** Opening DATASET CONTENT block **

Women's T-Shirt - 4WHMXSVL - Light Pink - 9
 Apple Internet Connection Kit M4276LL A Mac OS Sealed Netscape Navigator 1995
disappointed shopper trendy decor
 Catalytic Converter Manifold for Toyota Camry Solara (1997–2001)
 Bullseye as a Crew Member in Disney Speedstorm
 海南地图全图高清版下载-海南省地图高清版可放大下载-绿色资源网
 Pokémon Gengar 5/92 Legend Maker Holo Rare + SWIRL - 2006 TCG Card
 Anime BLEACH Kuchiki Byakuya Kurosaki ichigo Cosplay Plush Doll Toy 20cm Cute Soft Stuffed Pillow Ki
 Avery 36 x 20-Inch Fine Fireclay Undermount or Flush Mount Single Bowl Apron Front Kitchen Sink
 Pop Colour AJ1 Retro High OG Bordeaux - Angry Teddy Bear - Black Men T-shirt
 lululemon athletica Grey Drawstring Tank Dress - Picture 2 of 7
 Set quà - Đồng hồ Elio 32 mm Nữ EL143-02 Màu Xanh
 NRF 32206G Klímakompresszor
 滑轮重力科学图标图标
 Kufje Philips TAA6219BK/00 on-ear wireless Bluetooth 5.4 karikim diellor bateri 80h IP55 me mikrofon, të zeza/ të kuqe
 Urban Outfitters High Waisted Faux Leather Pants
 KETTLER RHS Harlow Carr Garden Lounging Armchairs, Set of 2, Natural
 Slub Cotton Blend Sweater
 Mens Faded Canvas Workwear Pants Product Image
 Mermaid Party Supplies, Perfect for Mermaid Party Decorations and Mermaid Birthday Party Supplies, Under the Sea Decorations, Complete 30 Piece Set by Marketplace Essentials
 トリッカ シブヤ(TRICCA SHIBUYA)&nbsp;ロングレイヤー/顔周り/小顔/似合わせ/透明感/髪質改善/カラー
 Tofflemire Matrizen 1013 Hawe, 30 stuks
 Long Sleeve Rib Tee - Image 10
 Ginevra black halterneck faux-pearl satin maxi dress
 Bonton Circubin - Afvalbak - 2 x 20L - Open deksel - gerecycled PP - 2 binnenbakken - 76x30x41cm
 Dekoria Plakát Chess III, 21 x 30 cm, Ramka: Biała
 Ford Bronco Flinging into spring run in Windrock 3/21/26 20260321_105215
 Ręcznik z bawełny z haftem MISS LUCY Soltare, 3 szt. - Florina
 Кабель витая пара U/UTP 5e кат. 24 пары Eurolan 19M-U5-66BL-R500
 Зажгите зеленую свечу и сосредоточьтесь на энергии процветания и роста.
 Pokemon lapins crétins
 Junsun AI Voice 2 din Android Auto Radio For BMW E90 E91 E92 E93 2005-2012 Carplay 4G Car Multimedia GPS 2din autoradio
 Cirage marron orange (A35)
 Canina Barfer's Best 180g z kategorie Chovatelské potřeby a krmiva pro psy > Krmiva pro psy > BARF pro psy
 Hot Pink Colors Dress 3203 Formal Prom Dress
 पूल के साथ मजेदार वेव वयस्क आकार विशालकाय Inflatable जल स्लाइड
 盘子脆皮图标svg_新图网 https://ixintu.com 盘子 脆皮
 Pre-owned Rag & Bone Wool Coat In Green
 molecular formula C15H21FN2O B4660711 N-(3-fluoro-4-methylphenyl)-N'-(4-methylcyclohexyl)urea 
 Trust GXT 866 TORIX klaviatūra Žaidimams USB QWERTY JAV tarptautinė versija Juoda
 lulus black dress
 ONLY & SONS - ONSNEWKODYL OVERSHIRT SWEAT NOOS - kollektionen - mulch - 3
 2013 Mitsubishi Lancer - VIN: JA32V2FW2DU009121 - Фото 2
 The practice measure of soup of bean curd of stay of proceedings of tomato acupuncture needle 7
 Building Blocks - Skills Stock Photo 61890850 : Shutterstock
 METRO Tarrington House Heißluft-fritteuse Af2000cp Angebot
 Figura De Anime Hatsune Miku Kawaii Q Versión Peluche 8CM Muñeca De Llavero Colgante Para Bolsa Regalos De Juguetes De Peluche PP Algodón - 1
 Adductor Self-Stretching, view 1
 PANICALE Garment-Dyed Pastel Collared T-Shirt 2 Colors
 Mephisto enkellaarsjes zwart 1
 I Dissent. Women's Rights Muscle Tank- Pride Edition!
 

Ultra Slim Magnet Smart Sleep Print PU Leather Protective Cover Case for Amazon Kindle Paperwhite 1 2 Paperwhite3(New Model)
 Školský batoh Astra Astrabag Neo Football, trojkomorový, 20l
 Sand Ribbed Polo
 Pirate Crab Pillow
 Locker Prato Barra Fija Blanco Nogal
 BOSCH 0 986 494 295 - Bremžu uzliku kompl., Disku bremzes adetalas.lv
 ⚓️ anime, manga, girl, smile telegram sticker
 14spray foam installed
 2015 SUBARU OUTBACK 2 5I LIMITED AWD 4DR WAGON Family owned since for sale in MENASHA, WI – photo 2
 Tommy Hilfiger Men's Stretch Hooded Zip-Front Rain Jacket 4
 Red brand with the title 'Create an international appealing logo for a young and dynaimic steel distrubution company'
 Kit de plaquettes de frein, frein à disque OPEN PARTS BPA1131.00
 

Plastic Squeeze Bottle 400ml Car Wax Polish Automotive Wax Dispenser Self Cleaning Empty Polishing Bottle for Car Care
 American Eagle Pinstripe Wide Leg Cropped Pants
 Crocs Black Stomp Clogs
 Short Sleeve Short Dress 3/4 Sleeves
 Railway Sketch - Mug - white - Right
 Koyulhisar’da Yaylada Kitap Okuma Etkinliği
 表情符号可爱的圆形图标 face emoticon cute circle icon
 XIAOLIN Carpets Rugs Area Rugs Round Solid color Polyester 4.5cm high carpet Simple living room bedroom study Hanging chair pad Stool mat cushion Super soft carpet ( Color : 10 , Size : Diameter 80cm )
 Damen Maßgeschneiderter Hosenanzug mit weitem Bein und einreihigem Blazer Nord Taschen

** Closing DATASET CONTENT block **

Set the lines down exactly, from the first line of the records to the line where "Bullseye as a" appears, with both ends kept.

Women's T-Shirt - 4WHMXSVL - Light Pink - 9
 Apple Internet Connection Kit M4276LL A Mac OS Sealed Netscape Navigator 1995
disappointed shopper trendy decor
 Catalytic Converter Manifold for Toyota Camry Solara (1997–2001)
 Bullseye as a Crew Member in Disney Speedstorm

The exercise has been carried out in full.